Note the line containing "Şuba - Ашхабад - img 2"; from it through the last line below, give only those lines again, exactly, both ends included, skipping pictures.

Listed records:
^^^^^^^^

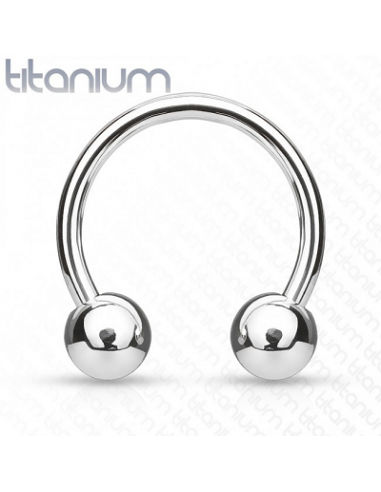 Titanium Circular Barbell with internally threaded balls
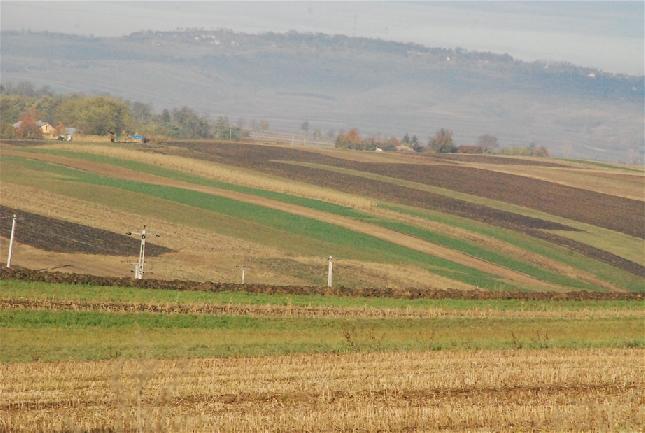 Codrii Hertei/DSC_0737.jpg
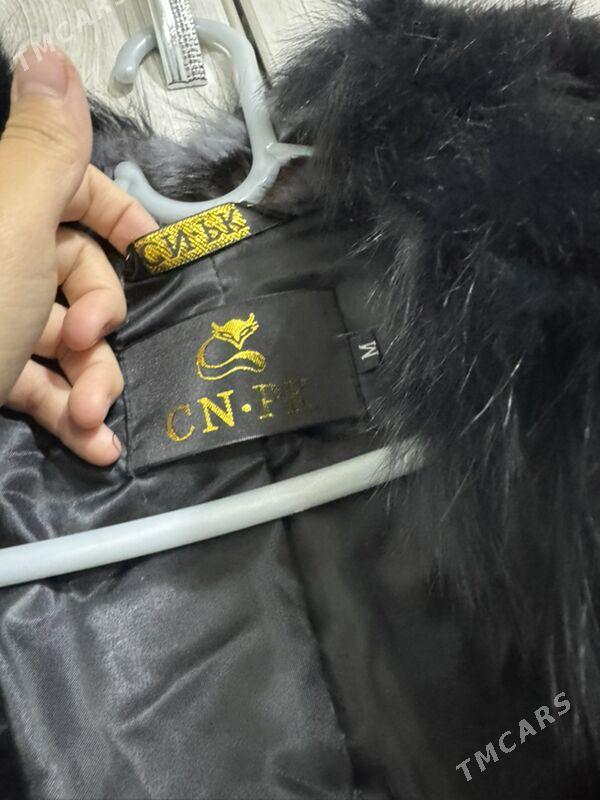 Şuba - Ашхабад - img 2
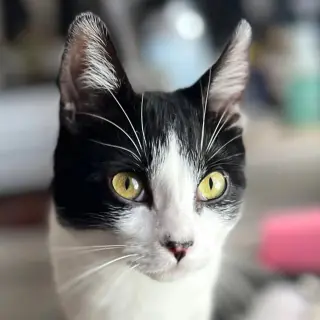 Miss Maple (Bonded with Scotty)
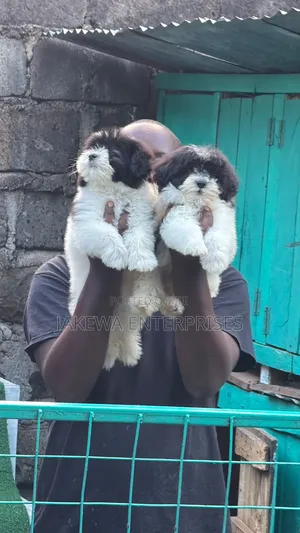 1-3 months Male Purebred Havanese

^^^^^^^^

Solution:
 Şuba - Ашхабад - img 2
 Miss Maple (Bonded with Scotty)
 1-3 months Male Purebred Havanese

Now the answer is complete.